-- Excerpted data --
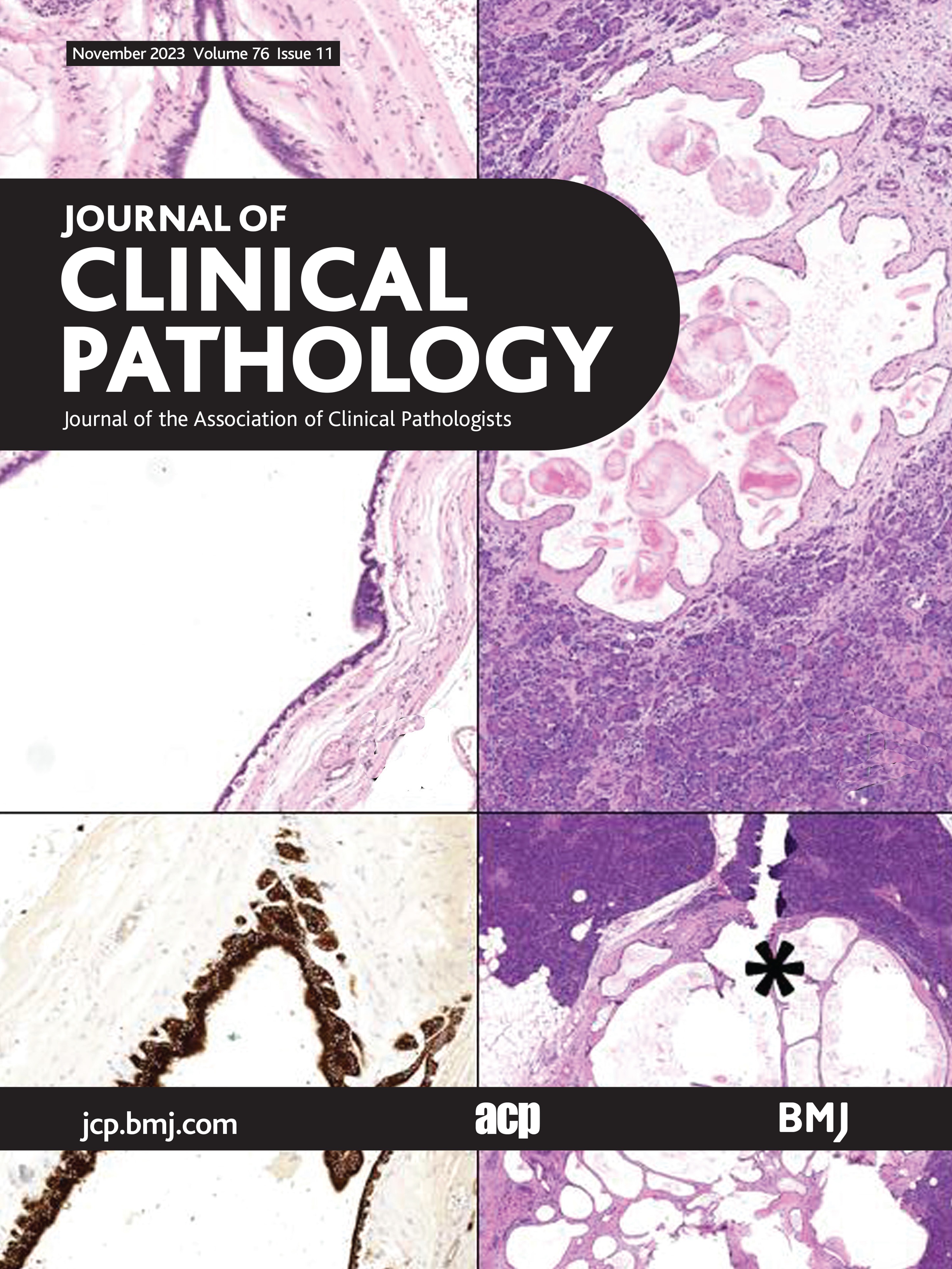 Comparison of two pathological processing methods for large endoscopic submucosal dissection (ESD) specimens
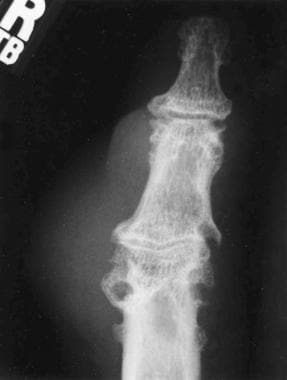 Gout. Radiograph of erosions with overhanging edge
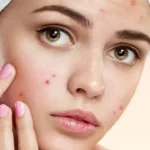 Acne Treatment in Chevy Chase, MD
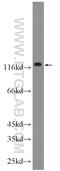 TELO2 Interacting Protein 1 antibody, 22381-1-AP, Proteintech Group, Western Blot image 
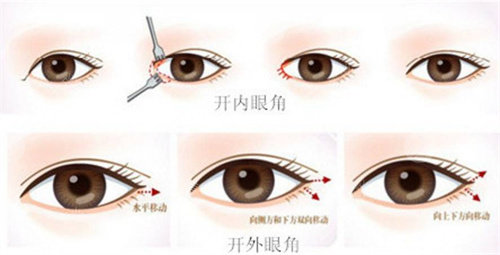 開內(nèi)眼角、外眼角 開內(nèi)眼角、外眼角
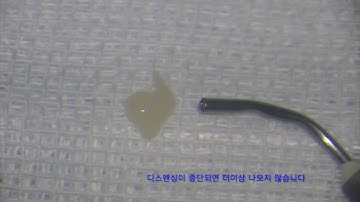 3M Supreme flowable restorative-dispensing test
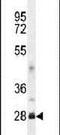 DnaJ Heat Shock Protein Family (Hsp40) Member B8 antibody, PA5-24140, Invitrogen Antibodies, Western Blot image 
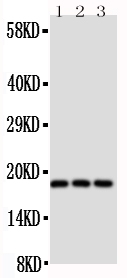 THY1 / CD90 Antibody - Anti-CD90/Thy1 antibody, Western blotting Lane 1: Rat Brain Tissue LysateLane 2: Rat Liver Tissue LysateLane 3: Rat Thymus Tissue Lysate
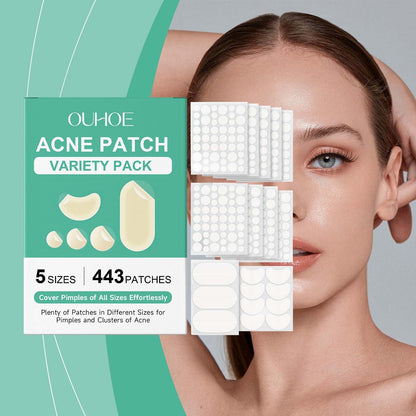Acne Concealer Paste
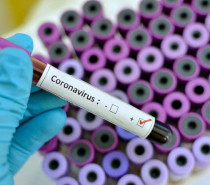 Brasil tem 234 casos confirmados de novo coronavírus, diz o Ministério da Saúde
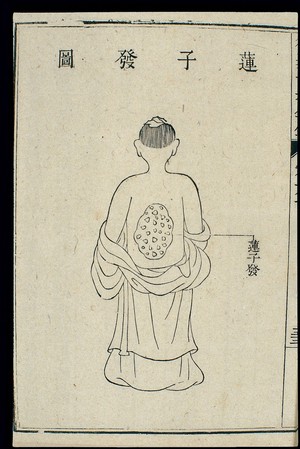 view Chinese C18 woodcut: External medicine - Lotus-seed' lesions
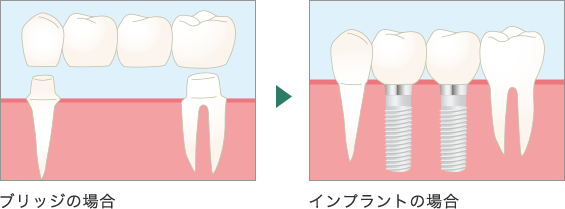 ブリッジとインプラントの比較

-- Brief --
The entries should be reproduced word for word, pictures omitted.

-- Exercise output --
 Comparison of two pathological processing methods for large endoscopic submucosal dissection (ESD) specimens
 Gout. Radiograph of erosions with overhanging edge
 Acne Treatment in Chevy Chase, MD
 TELO2 Interacting Protein 1 antibody, 22381-1-AP, Proteintech Group, Western Blot image 
 開內(nèi)眼角、外眼角 開內(nèi)眼角、外眼角
 3M Supreme flowable restorative-dispensing test
 DnaJ Heat Shock Protein Family (Hsp40) Member B8 antibody, PA5-24140, Invitrogen Antibodies, Western Blot image 
 THY1 / CD90 Antibody - Anti-CD90/Thy1 antibody, Western blotting Lane 1: Rat Brain Tissue LysateLane 2: Rat Liver Tissue LysateLane 3: Rat Thymus Tissue Lysate
Acne Concealer Paste
 Brasil tem 234 casos confirmados de novo coronavírus, diz o Ministério da Saúde
 view Chinese C18 woodcut: External medicine - Lotus-seed' lesions
 ブリッジとインプラントの比較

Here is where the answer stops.